If forced to eat only one continent’s cuisine for life, which would you choose? I like to pose this question to dining companions because it makes for good debate. A few recent meals at the cozy, comfortable and eminently enjoyable Phat Boy Sushi & Kitchen in Fort Lauderdale reinforced why my answer is always Asia.
Is there anything more sinful and simple than a slice of toro — fatty tuna belly — sliding off chopsticks into a waiting mouth? Is there anything more refreshing during summer’s punishing heat than pristine slivers of hamachi (yellowtail) swimming in vibrant ponzu sauce and topped with bits of scallion, jalapeno and briny black fish roe? Is there anything more satisfying than a steaming bowl of ramen — chock full of noodles, pork belly and mushrooms — no matter what time of year?
Phat Boy serves these and many more Japanese favorites capably and at modest prices, which explains why its newest location in Fort Lauderdale has been doing well and why chef-owner John Maser is exploring more locations.
“It’s light, it’s fresh and we stick to traditional Japanese — no Thai dishes on our menu,” Maser says in a follow-up interview, referring to the ubiquitous South Florida landscape of combination Thai-sushi restaurants.

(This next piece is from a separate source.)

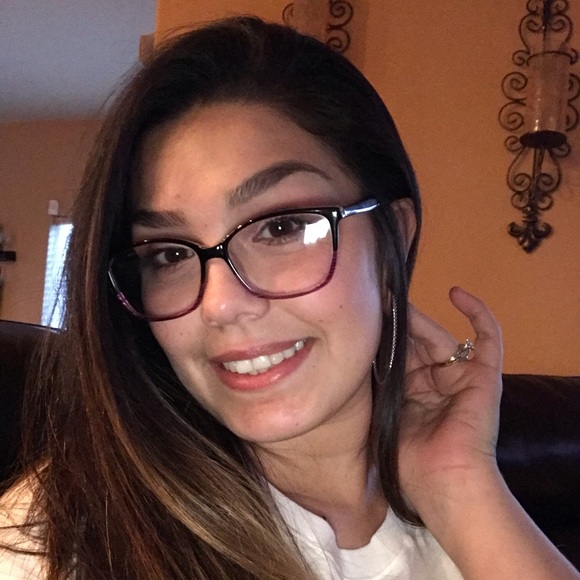 Meet your Posher, Ruby - Picture 1 of 1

Phat Boy Sushi and Kitchen launched in Oakland Park in April 2016, a partnership between the Swedish-born Maser and Vietnamese restaurateur Thuan Lam. Maser and his parents, Ted and Tina, bought out Lam last year and looked to downtown Fort Lauderdale for their first expansion outpost. The Masers pounced on a corner spot on South Federal Highway, just south of the Henry E. Kinney Tunnel, opening in March at the former site of New River Pizza (which moved across the street to its original location after the shuttering of short-lived Wok Asian restaurant).
The new Phat Boy borders the affluent Rio Vista neighborhood and is close to the Broward County Courthouse and Broward School District headquarters, assuring lively lunch and takeout business. Phat Boy also has carved out a late-night niche, with its kitchen open nightly until midnight (and until 2 a.m. on Fridays and Saturdays). A post 10:30 p.m. happy hour of bottomless hot sake for $10 and half-priced Sapporo drafts has been drawing a younger crowd.
Add it up and there is much to like here, even for those who do not like raw fish. The sushi is very good, but Phat Boy is notable for a menu that offers a range of grilled items, yakitori skewers, rice bowls, vegetarian options and specials that veer from hardcore Japanese ($6 slices of toro or $10 uni shooters) to comfort foods with an American twist. For example, Katsu sliders ($12) were a recent lunch special, with crisp and crunchy chicken cutlet squares perched on small Martin’s potato rolls and garnished with julienne carrots and daikon that evoked the flavor of a Vietnamese banh mi sandwich.They were good.
Besides sushi, Phat Boy has sizzle — the rib eye tobanyaki ($14) is served in a skillet that bubbles and steams as it makes its way across the dining room. It is a delicious dish, sliced steak layered atop wispy enoki mushrooms and surrounded by a few blistered shishito peppers and grape tomatoes in a broth of soy, sake and butter. But the beef is not of the highest quality, with a few pieces leathery on my first visit and others sizzled to overdone. On a later, announced visit for a photo shoot, the steak was more tender and properly medium rare. It would be nice to have greater consistency, and I’d be willing to pay a few more bucks for better meat.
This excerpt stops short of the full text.